- Born: c. 1960
- Education: Rhodes University University of South Africa University of Bath University of Manchester
- Occupations: Business executive, academic
- Known for: dean of Pepperdine University's Graziadio School of Business and Management
- Spouse: Rozanne van Rensburg
- Children: 3 sons, 1 daughter

= Deryck J. van Rensburg =

Deryck J. van Rensburg (born c. 1960) is a South African, British and U.S. business executive and academic. He is the dean of the Graziadio Business School at Pepperdine University.

==Early life==
Van Rensburg was born circa 1960 in South Africa. He graduated from Rhodes University and the University of South Africa, where he earned bachelor's degrees. He earned a master of business administration from the University of Bath followed by a doctor of business administration from the University of Manchester.

==Career==
Van Rensburg worked for Unilever and The Coca-Cola Company for three decades.

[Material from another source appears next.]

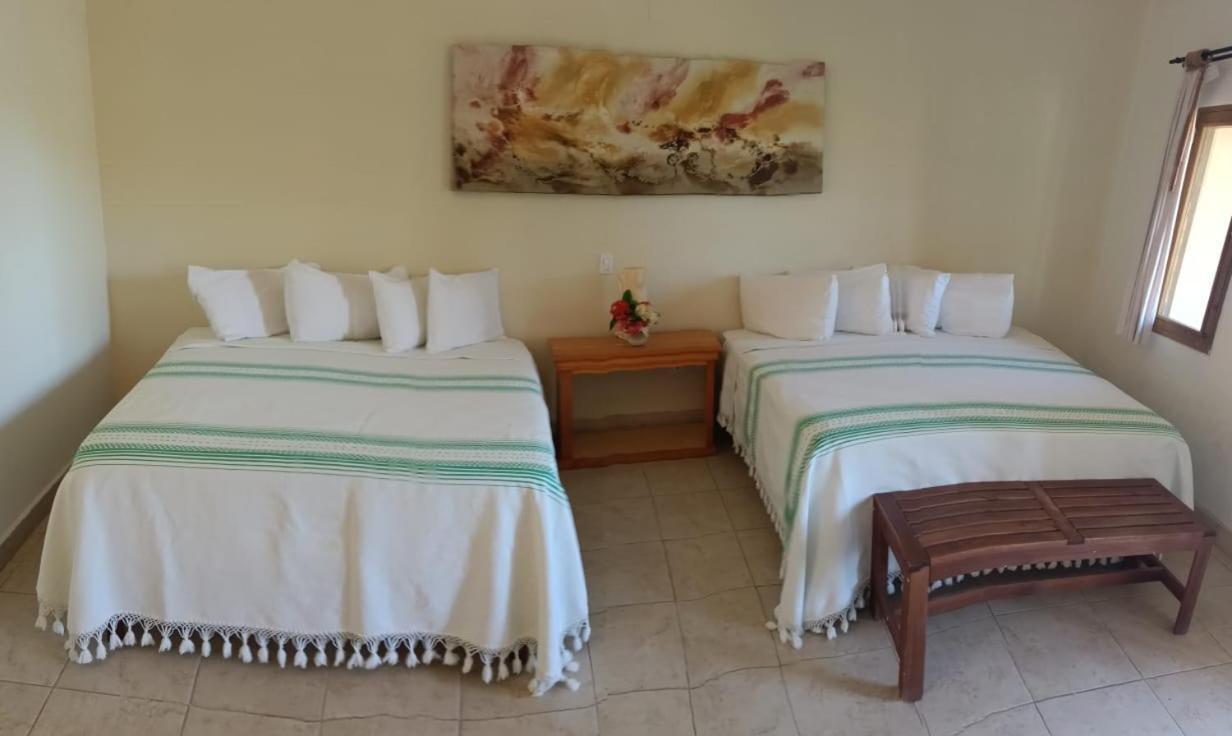 Tripui Hotel Puerto Escondido (Baja California Sur) Exterior foto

In his last role he was President of Global Ventures for Coca-Cola reporting to the Chairman and CEO.

Van Rensburg has served as the dean of Pepperdine University's Graziadio Business School since November 2016. He has published academic articles in Management Decision, the Journal of Business Strategy, the International Entrepreneurship and Management Journal, and Industrial Marketing Management.

==Personal life==
Van Rensburg has a wife, Rozanne, three sons and a daughter.